Большинство слушателей были шокированы и согласились с его призывом провести расследование. Но доклад доктора Тюдихума[176] позволил всем присутствующим в зале в тот вечер понять, почему, несмотря на все опасности и предупреждение изобретателя, краска на основе мышьяка продолжала использоваться в течение ста лет. Тюдихум заявил, что Карр просто паникует. Он сказал, что его глаза радуются виду «прекрасной яркой мышьяковой бумаги», и, когда он смотрит на «отвратительные серые, омерзительные коричневые и ужасные желтые краски, сделанные без мышьяка», он не может не думать о том, что не такие обои он хотел бы видеть у себя в комнате.

Эту любовь к зеленому цвету, столь безыскусно выраженную доктором Тюдихумом, разделяли многие художники, ведь зеленый во многих отношениях самый «естественный» цвет на свете. В конце концов, большая часть окружающего мира (по крайней мере те ее части, которые не покрыты морем) зеленая. Тем не менее художникам было трудно воспроизвести его в своих работах, и этот самый «органический» из цветов – цвет травы, деревьев и полей – на самом деле часто традиционно делался с помощью металла или, если говорить более точно, с помощью коррозии металла.

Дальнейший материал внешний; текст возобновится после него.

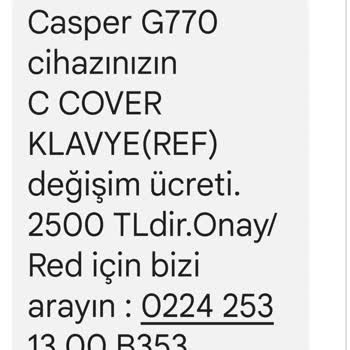 Casper Excalibur G770'in 1 Tuşu 4000 TL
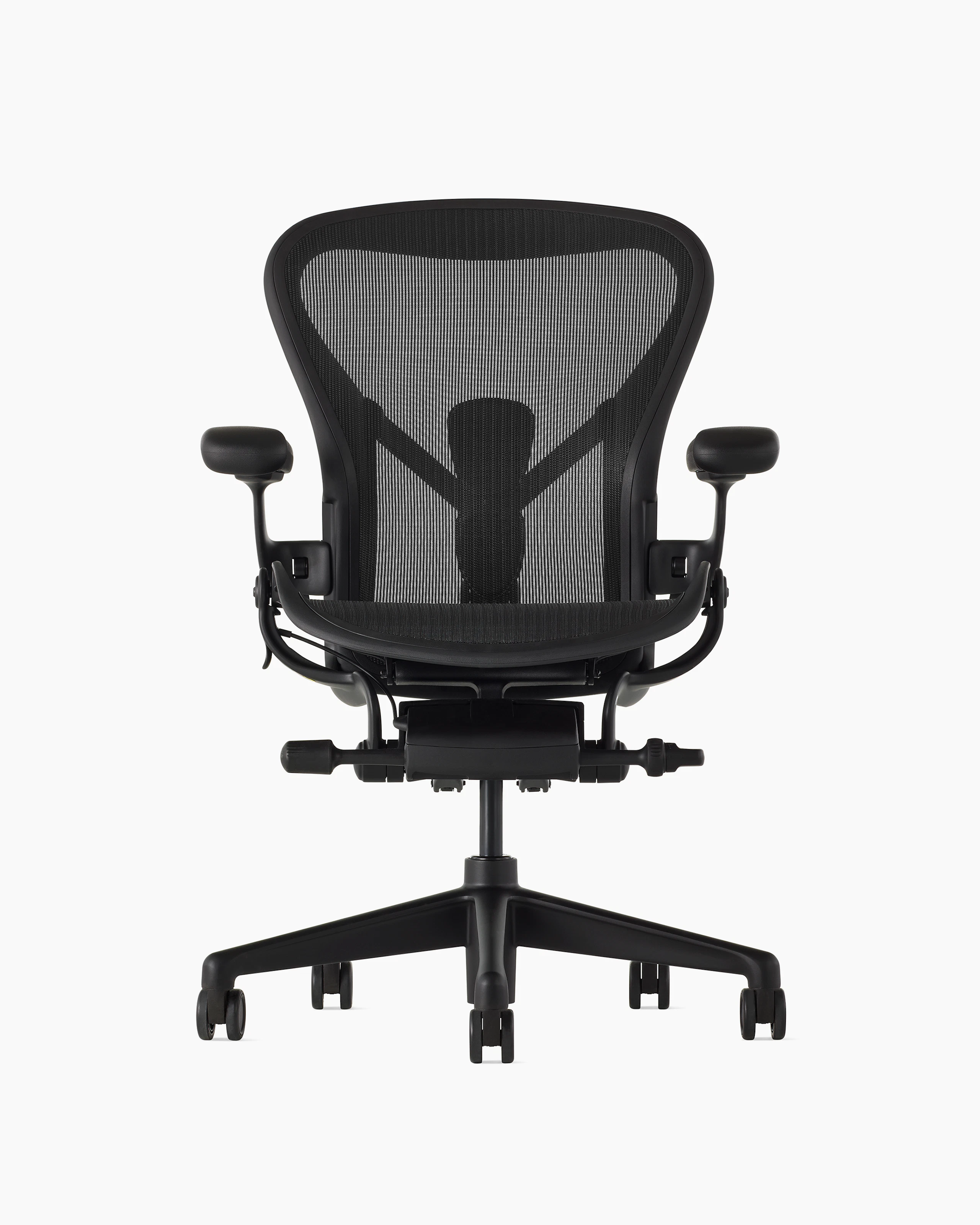 Black matte Aeron Chair on a white background with a 5-star base and ergonomic back support, viewed from the front.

В справочнике Ченнино было четыре предложения по созданию цвета молодой весенней зеленой поросли, сияющей под ярким тосканским солнцем. Помимо рецептов смешивания различных желтых красок с различными синими в его палитре был один натуральный, один «наполовину натуральный» и один искусственный зеленый колер, и все они, как и опаснейший рецепт Шееле, содержали медь. Может быть, они и не были ядовитыми, но и совершенными тоже не были.

Естественный землистый зеленый цвет назывался terre-verte и был особенно хорош для создания «европейского цвета кожи»[177] – с последующим нанесением поверх нее известковой белой краски и киновари[178]. «Полуестественной» зеленой краской на палитре Ченнино был малахит – минерал, найденный в медных рудниках вместе со своим двоюродным братом, голубым азуритом, и названный verde azzurro – сине-зеленым. Кажется странным называть этот основной карбонат меди «наполовину» природным: в конце концов, его можно найти полностью сформированным в земле, если знать, где искать. Но Ченнино жил в мире алхимиков, так что для него малахит был алхимическим камнем, полученным с помощью взрыва земли, и, следовательно, не находился в строго «естественном» состоянии. Ченнино предупредил, что малахит должен быть растерт в грубый порошок, «потому что, если вы будете растирать его слишком сильно и долго, он станет тусклого пепельного цвета». Плиний считал малахит чудесным, потому что тот мог защитить от злых духов. Даже до конца XVIII века в Германии его называли шрекштайном или страшным камнем и использовали для устрашения демонов. Вероятно, древние египтяне были первыми, кто использовал малахит в качестве пигмента: они наносили его на свои картины, а также на веки. Из него получались довольно бледно-зеленые тени для век (если только малахит не был слишком сильно размолот), но также считалось, что он – наряду с черной сурьмой – защищает глаза от яркого солнца. Таким образом, малахит стал самыми ранними «солнцезащитными очками» цивилизации, представителям которой просто нравились яркие оттенки.